Source information:
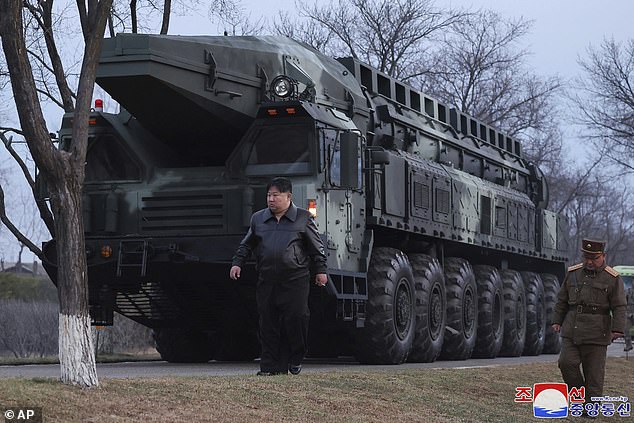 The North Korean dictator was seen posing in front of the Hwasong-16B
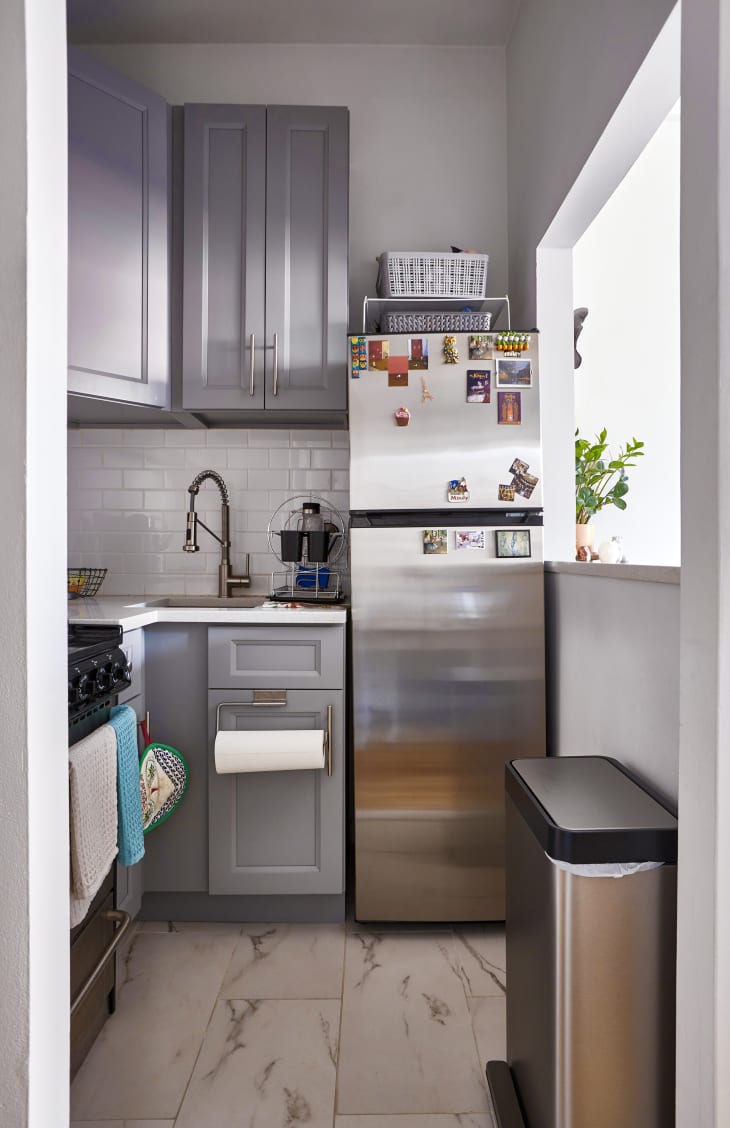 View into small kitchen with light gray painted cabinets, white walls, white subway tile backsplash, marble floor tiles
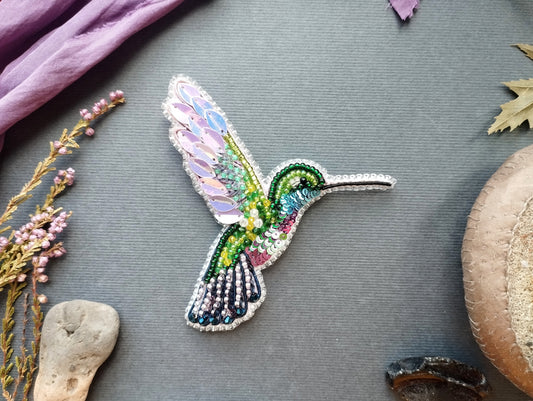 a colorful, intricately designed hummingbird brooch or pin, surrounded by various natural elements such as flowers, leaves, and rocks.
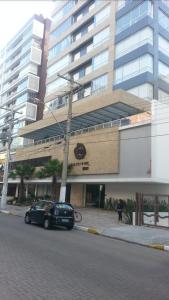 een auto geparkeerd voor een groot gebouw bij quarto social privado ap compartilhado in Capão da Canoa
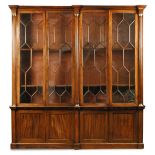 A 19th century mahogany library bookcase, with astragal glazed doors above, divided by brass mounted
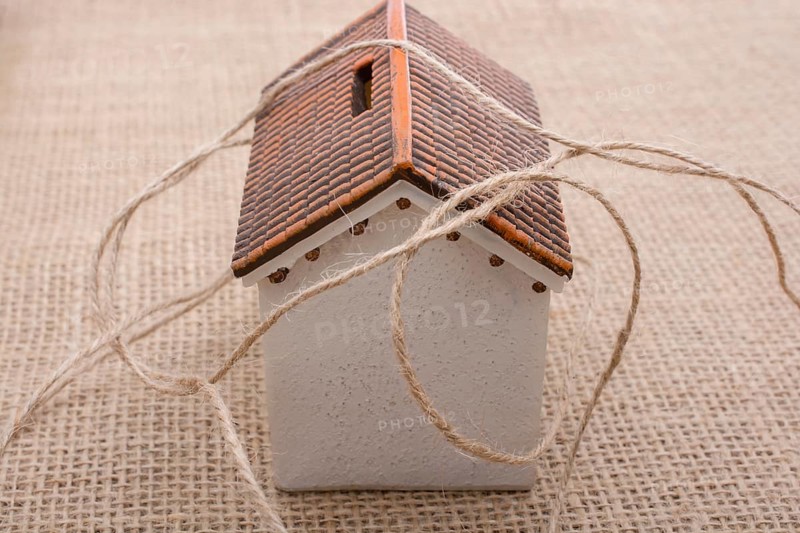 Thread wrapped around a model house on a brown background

--

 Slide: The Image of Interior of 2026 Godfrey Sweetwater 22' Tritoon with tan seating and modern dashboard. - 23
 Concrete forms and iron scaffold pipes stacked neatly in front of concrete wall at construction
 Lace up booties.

Try it: Range to copy from the records above: the line containing "The North Korean" to the line containing "Thread wrapped around", both included. Output those lines exactly and only those, skipping pictures.

Answer area:
 The North Korean dictator was seen posing in front of the Hwasong-16B
 View into small kitchen with light gray painted cabinets, white walls, white subway tile backsplash, marble floor tiles
 a colorful, intricately designed hummingbird brooch or pin, surrounded by various natural elements such as flowers, leaves, and rocks.
 een auto geparkeerd voor een groot gebouw bij quarto social privado ap compartilhado in Capão da Canoa
 A 19th century mahogany library bookcase, with astragal glazed doors above, divided by brass mounted
 Thread wrapped around a model house on a brown background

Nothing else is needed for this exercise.